When both characterizations were combined, group 1 of the morphological characterization, with kidney-type fruits, was divided into seven subgroups by the molecular characterization, whereas group 2, with cherry-type fruits, was divided into 6 subgroups and group 3, with cylindrical fruits, into 3 subgroups. This generated 16 subgroups (Table 3).
Under these considerations, molecular characterization greatly improves the efficiency involved in conserving genetic resources since it allows estimating within each group obtained in the morphological characterization the genetic variation not detected by the former; thus, it decreases the classification error and allows adequately analyzing the genetic variability studied by both characterizations as mentioned by Demey et al. (2003).
According to Rao et al. (2007), seed samples to be conserved should be genetically distinct from any other accession already registered in a seedbank. In the present situation this can be ensured by conserving one collection of each of the 16 subgroups identified in Table 3, or by a mixture of seeds of the genotypes comprising each subgroup.

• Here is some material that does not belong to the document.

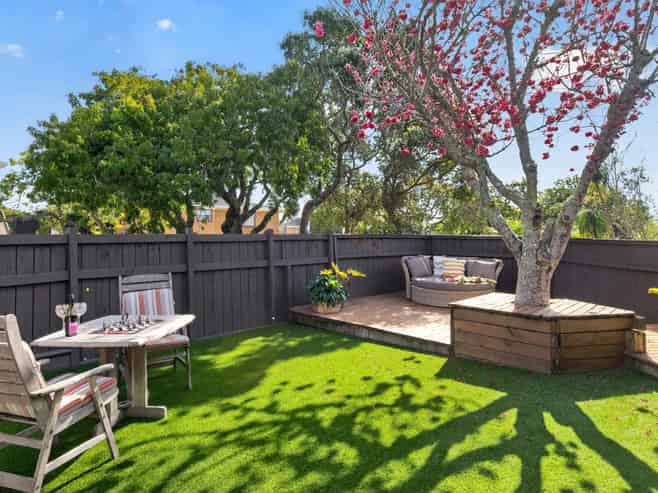 4 Sarah Place, Farm Cove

Based on the above, in order to efficiently conserve the genetic variation studied, the selection of the genotypes of each subgroup (Table 3), for their safekeeping in the seedbank, will be based on maintaining different origins and differential fruit characters such as color and shape. If the number of collections is not reduced with the above criteria, the last selection criterion will be anthropocentric use.
Thus, the proposal for conserving the genetic variation in the 55 collections evaluated, and based on the criteria mentioned above, consists of safeguarding the 37 collections shown in Table 3, representing 67 % of the total number of collections evaluated, thereby eliminating genotype duplication.
In a more dramatic case, and based on the fact that the DNA characterized is a mixture from several individuals that make up a collection, the recommendation would be to maintain a balanced seed sample of the collections comprising a subgroup. Thus, in our case 16 samples would be conserved.
This research provides a basis for the efficient conservation of collections by avoiding the multiplicity of materials with similar characters.
The morphological and molecular characterizations are complementary in that together they more accurately assess the genetic variability of the populations studied, enabling a sustainable and more efficient conservation of the phytogenetic resources of tomato.
The evaluated collections from eight states of Mexico showed wide genetic variation identified through 16 conservation groups, which can be conserved by safeguarding 67 % of the collections studied.